Problem to solve: Lines from the line with "Produktbild för The Murder Guy (häftad, eng)" to the line with "University of Exeter's" in the entries below, and only those, must be output exactly, with both ends included.

Working data:

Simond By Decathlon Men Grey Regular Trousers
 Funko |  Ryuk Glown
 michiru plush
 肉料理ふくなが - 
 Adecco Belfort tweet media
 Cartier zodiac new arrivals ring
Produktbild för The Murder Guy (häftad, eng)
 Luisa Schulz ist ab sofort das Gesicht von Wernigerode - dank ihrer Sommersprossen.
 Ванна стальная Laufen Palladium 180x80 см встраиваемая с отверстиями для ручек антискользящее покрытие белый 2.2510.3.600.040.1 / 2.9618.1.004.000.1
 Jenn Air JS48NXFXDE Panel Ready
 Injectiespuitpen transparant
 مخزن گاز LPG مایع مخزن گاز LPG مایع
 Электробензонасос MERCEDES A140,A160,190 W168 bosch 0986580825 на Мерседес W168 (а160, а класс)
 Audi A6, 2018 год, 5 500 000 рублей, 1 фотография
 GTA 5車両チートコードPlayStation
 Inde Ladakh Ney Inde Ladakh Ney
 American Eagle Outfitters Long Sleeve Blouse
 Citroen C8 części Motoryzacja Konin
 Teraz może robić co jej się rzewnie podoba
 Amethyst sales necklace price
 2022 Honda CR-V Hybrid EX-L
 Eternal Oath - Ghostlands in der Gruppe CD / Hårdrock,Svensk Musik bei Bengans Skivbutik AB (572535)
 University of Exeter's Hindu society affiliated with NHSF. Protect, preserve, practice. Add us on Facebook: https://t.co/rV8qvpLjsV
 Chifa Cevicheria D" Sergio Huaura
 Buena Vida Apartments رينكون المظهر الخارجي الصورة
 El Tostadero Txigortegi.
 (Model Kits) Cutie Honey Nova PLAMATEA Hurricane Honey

Problem solution:
Produktbild för The Murder Guy (häftad, eng)
 Luisa Schulz ist ab sofort das Gesicht von Wernigerode - dank ihrer Sommersprossen.
 Ванна стальная Laufen Palladium 180x80 см встраиваемая с отверстиями для ручек антискользящее покрытие белый 2.2510.3.600.040.1 / 2.9618.1.004.000.1
 Jenn Air JS48NXFXDE Panel Ready
 Injectiespuitpen transparant
 مخزن گاز LPG مایع مخزن گاز LPG مایع
 Электробензонасос MERCEDES A140,A160,190 W168 bosch 0986580825 на Мерседес W168 (а160, а класс)
 Audi A6, 2018 год, 5 500 000 рублей, 1 фотография
 GTA 5車両チートコードPlayStation
 Inde Ladakh Ney Inde Ladakh Ney
 American Eagle Outfitters Long Sleeve Blouse
 Citroen C8 części Motoryzacja Konin
 Teraz może robić co jej się rzewnie podoba
 Amethyst sales necklace price
 2022 Honda CR-V Hybrid EX-L
 Eternal Oath - Ghostlands in der Gruppe CD / Hårdrock,Svensk Musik bei Bengans Skivbutik AB (572535)
 University of Exeter's Hindu society affiliated with NHSF. Protect, preserve, practice. Add us on Facebook: https://t.co/rV8qvpLjsV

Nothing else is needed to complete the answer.